Dataset records:
---+---
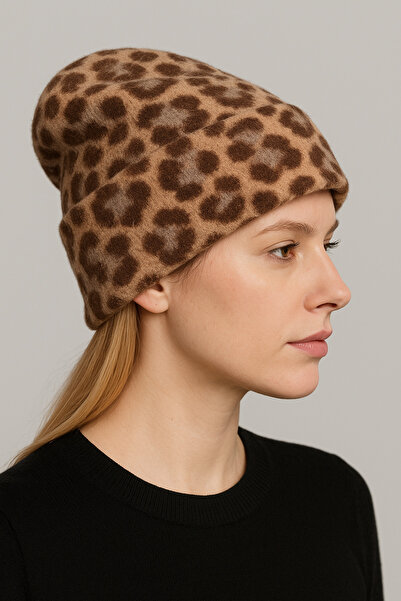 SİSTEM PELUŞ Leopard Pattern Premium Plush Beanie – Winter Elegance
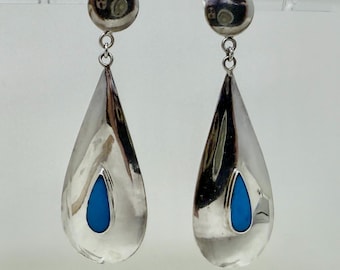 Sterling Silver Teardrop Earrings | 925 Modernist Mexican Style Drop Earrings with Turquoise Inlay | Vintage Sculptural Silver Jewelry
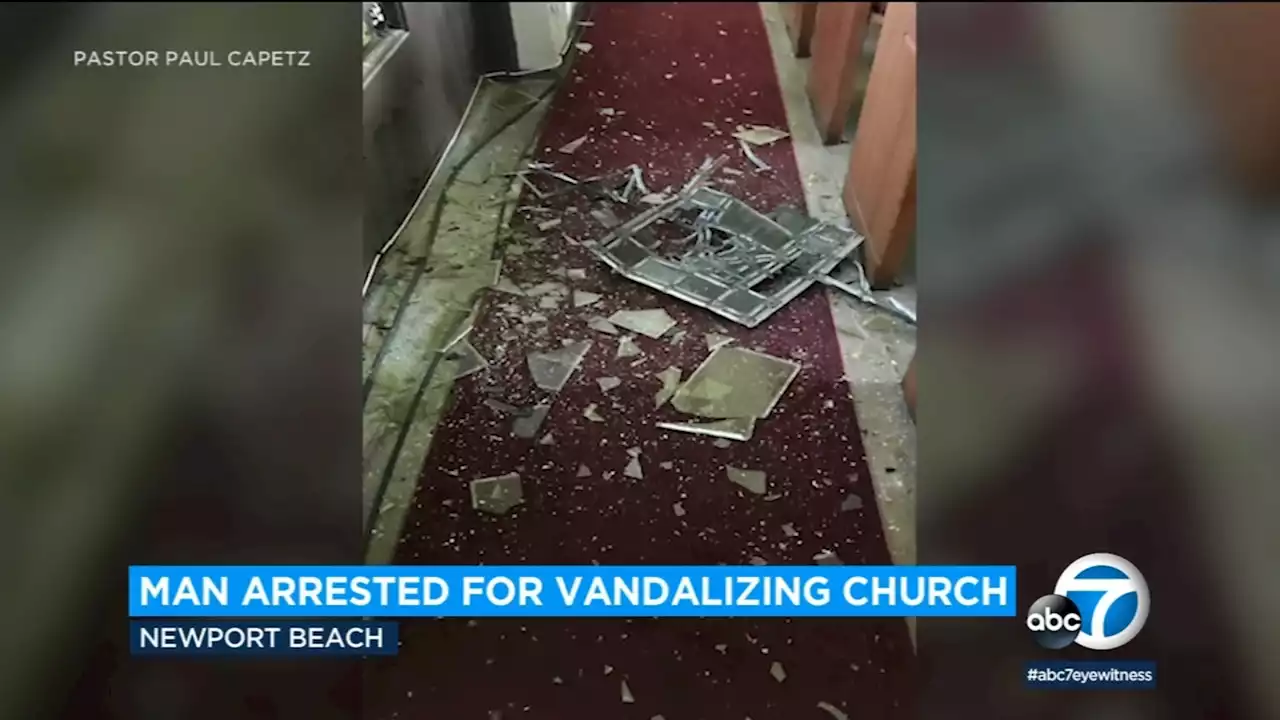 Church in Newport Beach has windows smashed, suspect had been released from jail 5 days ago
---+---
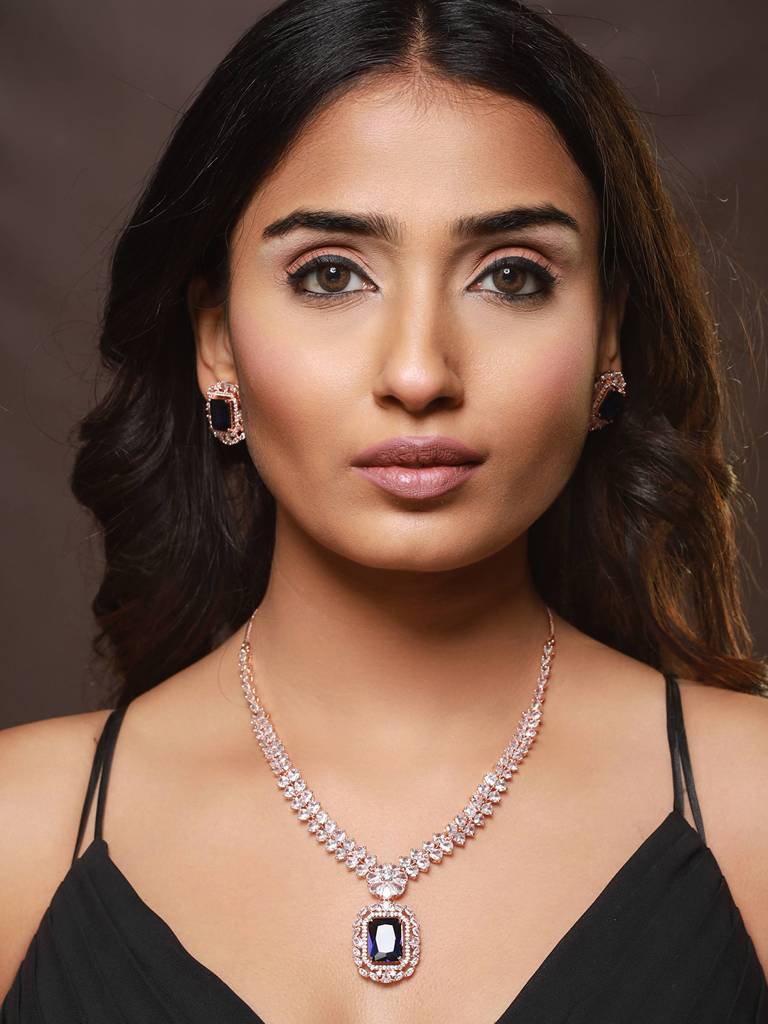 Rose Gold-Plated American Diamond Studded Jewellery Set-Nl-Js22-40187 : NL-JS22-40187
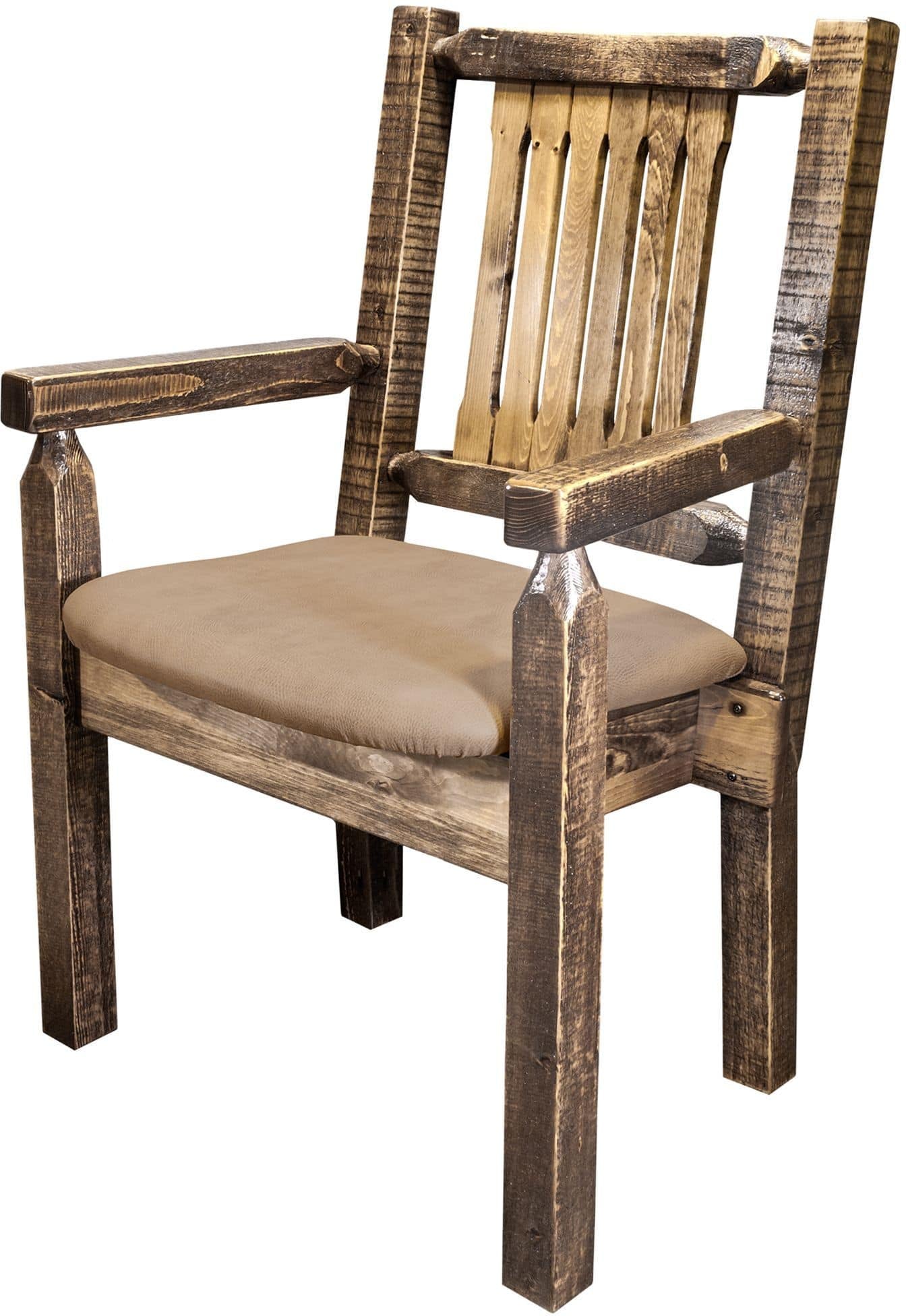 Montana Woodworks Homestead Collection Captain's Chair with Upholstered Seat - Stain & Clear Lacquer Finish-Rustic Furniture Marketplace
---+---
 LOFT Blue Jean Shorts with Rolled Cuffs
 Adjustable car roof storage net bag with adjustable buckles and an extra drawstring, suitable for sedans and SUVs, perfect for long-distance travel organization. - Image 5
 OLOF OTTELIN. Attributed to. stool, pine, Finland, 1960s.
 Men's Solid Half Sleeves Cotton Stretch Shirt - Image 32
---+---
Exercise directions: Give an exact copy of the lines above from the line with "LOFT Blue Jean Shorts with Rolled Cuffs" up to and including the line with "Men's Solid Half", and leave everything else out.

The completed task:
 LOFT Blue Jean Shorts with Rolled Cuffs
 Adjustable car roof storage net bag with adjustable buckles and an extra drawstring, suitable for sedans and SUVs, perfect for long-distance travel organization. - Image 5
 OLOF OTTELIN. Attributed to. stool, pine, Finland, 1960s.
 Men's Solid Half Sleeves Cotton Stretch Shirt - Image 32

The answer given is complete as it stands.